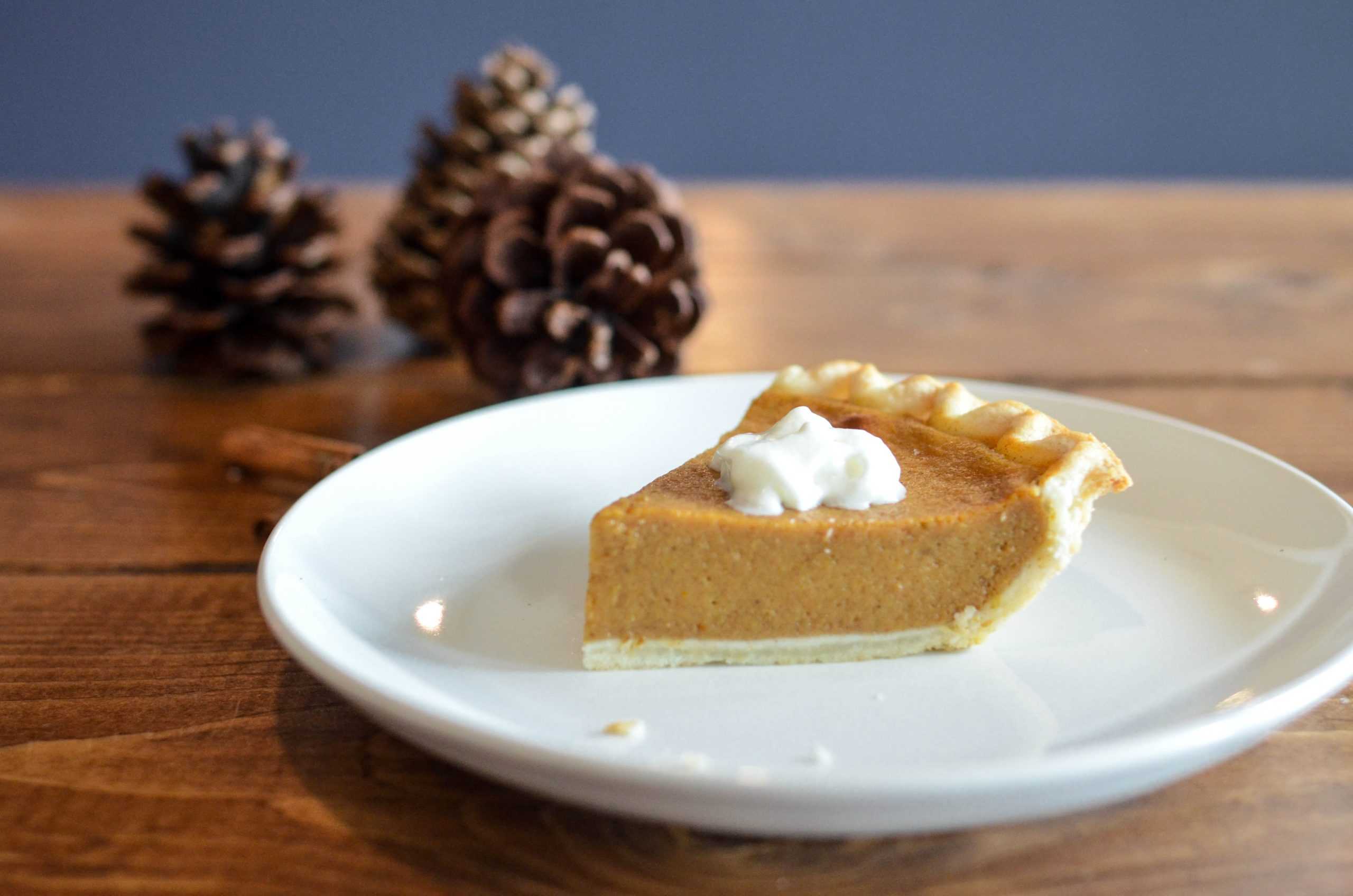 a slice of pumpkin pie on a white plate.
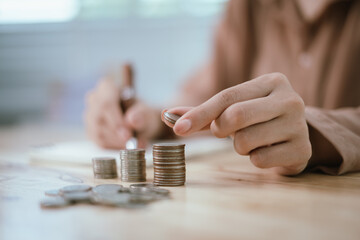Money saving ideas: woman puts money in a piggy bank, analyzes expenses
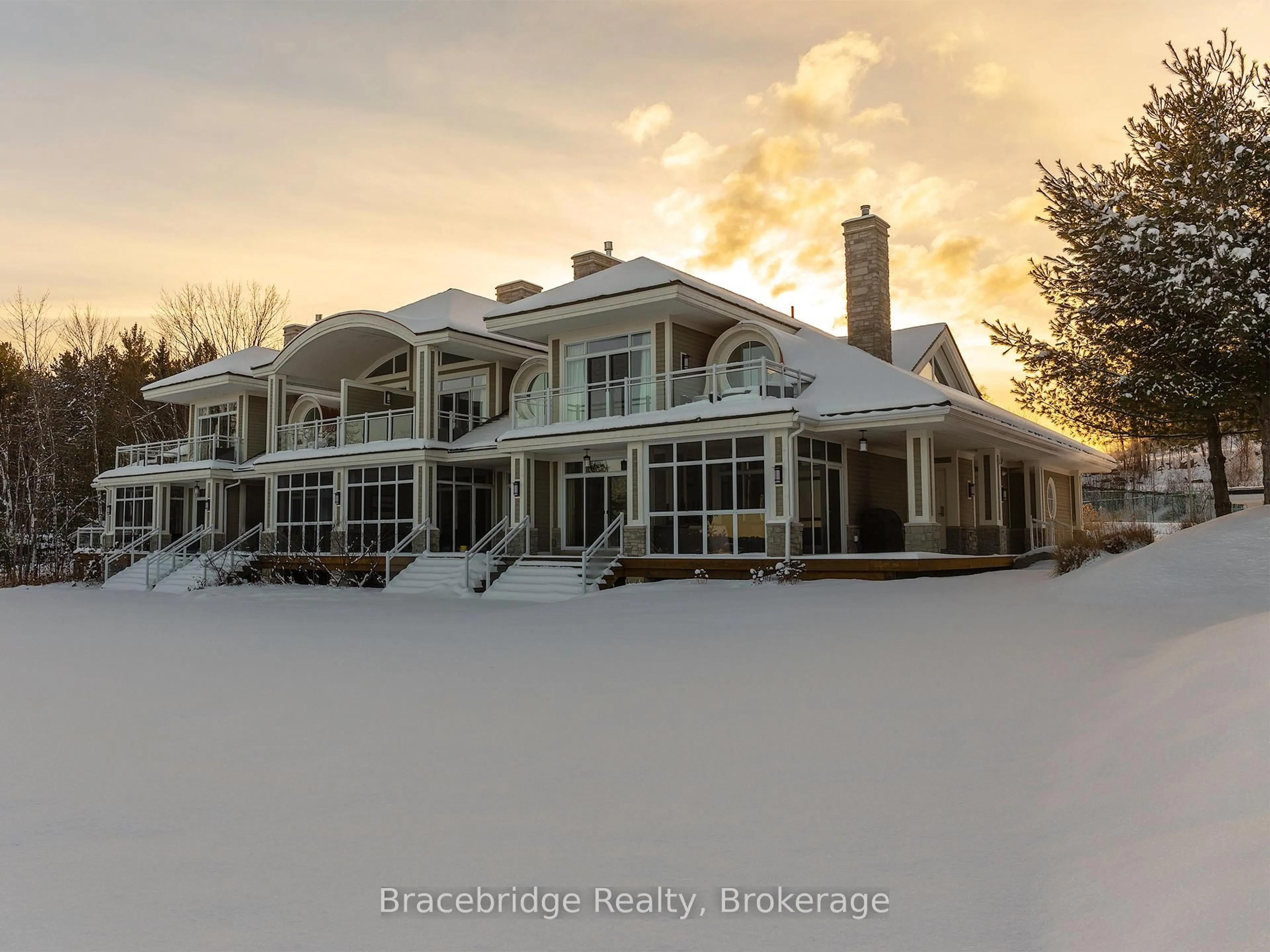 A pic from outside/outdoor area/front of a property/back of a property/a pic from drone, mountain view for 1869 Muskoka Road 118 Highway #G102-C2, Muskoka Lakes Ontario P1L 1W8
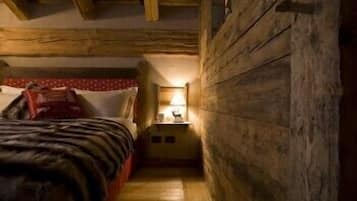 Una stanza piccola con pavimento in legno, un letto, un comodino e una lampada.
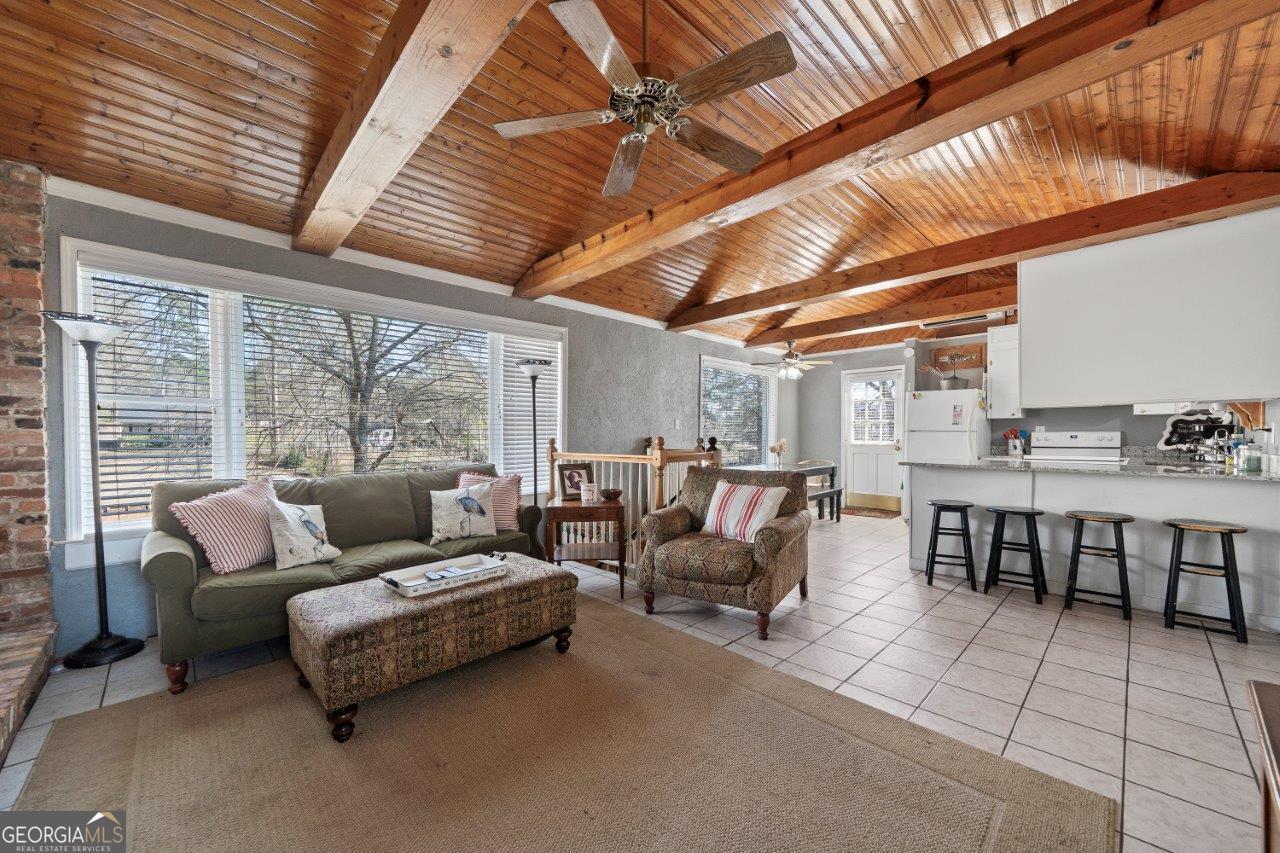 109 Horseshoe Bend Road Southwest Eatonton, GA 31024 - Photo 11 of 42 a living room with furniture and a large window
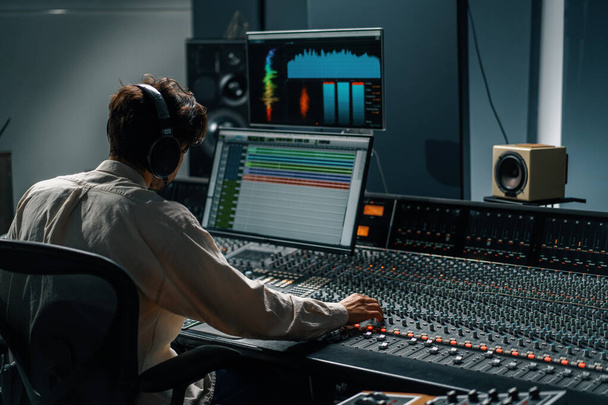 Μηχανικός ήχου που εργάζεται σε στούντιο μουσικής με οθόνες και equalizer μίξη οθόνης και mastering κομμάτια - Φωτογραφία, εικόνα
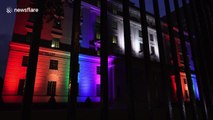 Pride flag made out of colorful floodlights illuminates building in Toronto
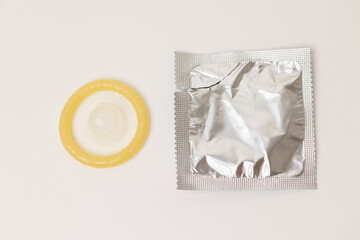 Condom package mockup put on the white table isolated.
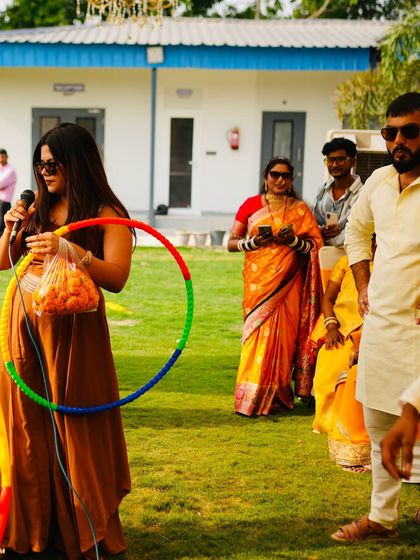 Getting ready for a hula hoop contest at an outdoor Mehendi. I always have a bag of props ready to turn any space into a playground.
※
— What is being asked —
The expected output is every line of the data, unchanged, with the pictures skipped.

— Result —
 a slice of pumpkin pie on a white plate.
Money saving ideas: woman puts money in a piggy bank, analyzes expenses
 A pic from outside/outdoor area/front of a property/back of a property/a pic from drone, mountain view for 1869 Muskoka Road 118 Highway #G102-C2, Muskoka Lakes Ontario P1L 1W8
 Una stanza piccola con pavimento in legno, un letto, un comodino e una lampada.
 109 Horseshoe Bend Road Southwest Eatonton, GA 31024 - Photo 11 of 42 a living room with furniture and a large window
 Μηχανικός ήχου που εργάζεται σε στούντιο μουσικής με οθόνες και equalizer μίξη οθόνης και mastering κομμάτια - Φωτογραφία, εικόνα
 Pride flag made out of colorful floodlights illuminates building in Toronto
 Condom package mockup put on the white table isolated.
 Getting ready for a hula hoop contest at an outdoor Mehendi. I always have a bag of props ready to turn any space into a playground.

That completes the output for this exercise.